**TASK PROMPT**
Records follow. Print exactly the lines from the one that has "4375 Foxtail Ln, Weston FL 33331" through the one that has "Snapshot of Dicksee_Left", inclusive, and omit the pictures.

(SOURCE DATA begins)

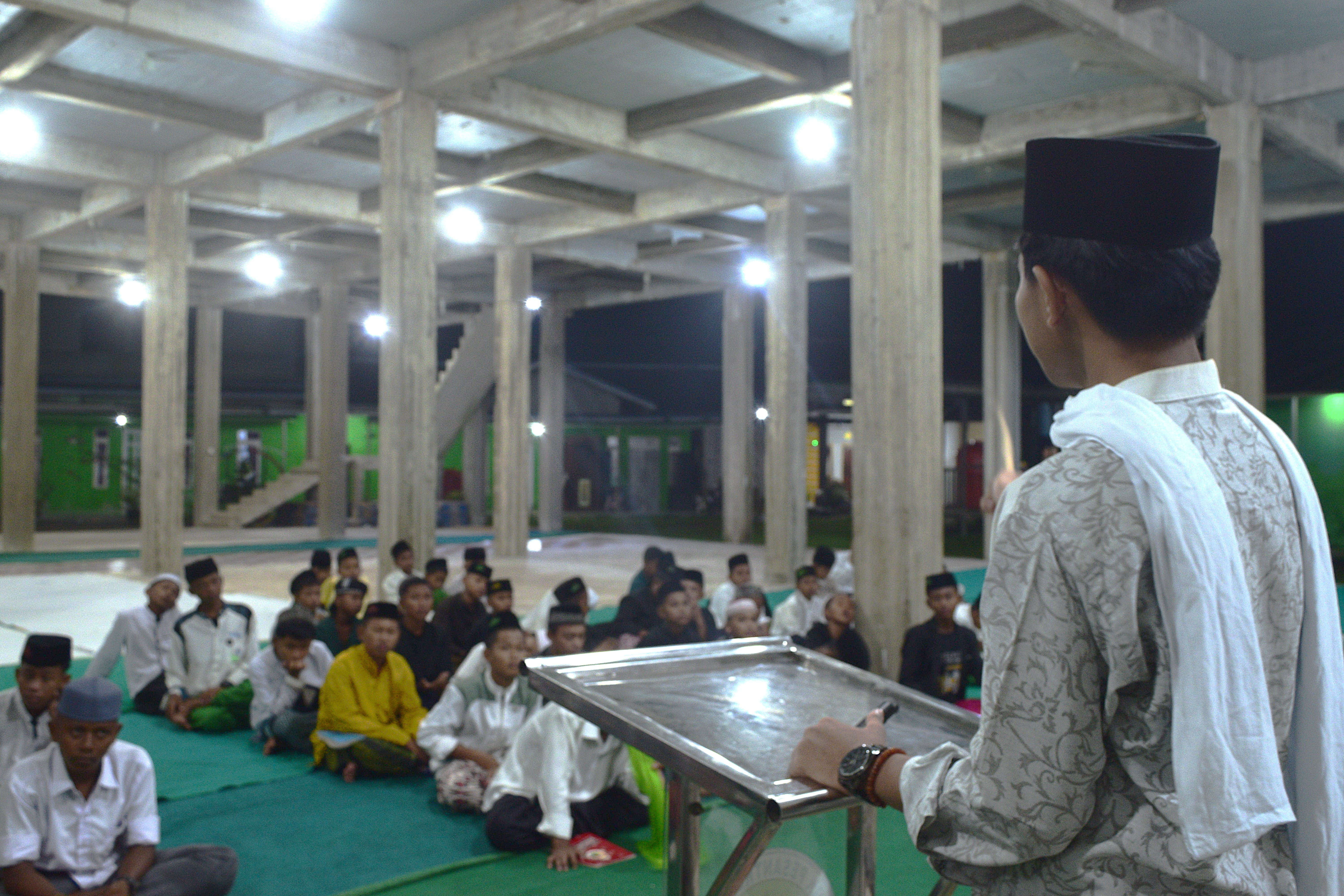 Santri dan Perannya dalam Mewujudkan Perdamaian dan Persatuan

(SOURCE DATA ends)
(SOURCE DATA begins)

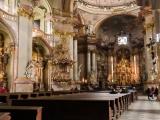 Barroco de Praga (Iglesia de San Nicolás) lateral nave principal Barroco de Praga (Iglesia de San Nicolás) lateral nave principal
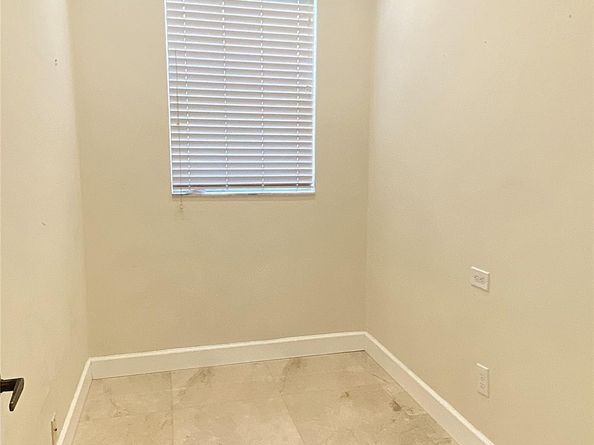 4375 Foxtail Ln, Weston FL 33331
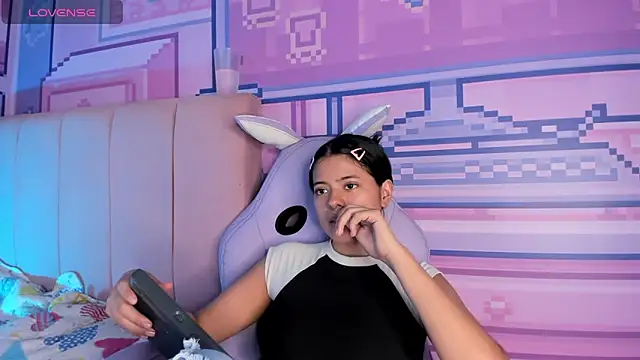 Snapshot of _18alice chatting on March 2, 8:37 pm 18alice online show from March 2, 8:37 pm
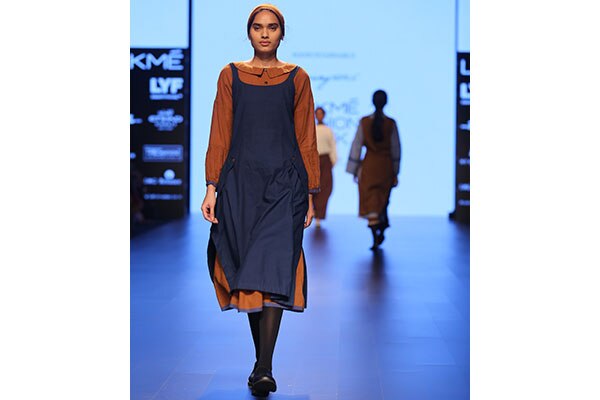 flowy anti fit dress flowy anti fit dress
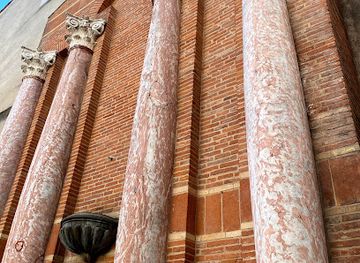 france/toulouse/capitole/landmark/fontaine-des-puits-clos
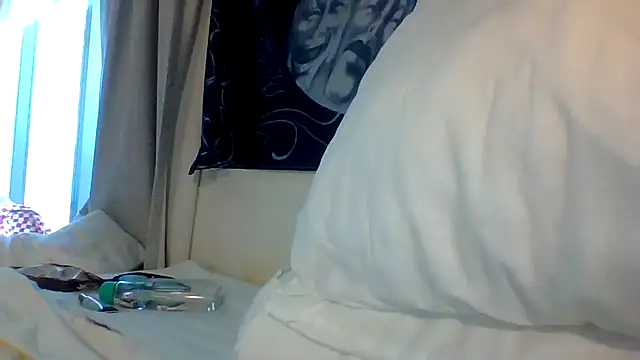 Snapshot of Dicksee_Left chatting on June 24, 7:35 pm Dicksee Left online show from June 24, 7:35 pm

(SOURCE DATA ends)
(SOURCE DATA begins)

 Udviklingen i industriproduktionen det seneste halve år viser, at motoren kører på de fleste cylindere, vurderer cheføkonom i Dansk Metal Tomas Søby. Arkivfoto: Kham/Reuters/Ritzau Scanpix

(SOURCE DATA ends)

**EXPECTED OUTPUT**
 4375 Foxtail Ln, Weston FL 33331
 Snapshot of _18alice chatting on March 2, 8:37 pm 18alice online show from March 2, 8:37 pm
 flowy anti fit dress flowy anti fit dress
 france/toulouse/capitole/landmark/fontaine-des-puits-clos
 Snapshot of Dicksee_Left chatting on June 24, 7:35 pm Dicksee Left online show from June 24, 7:35 pm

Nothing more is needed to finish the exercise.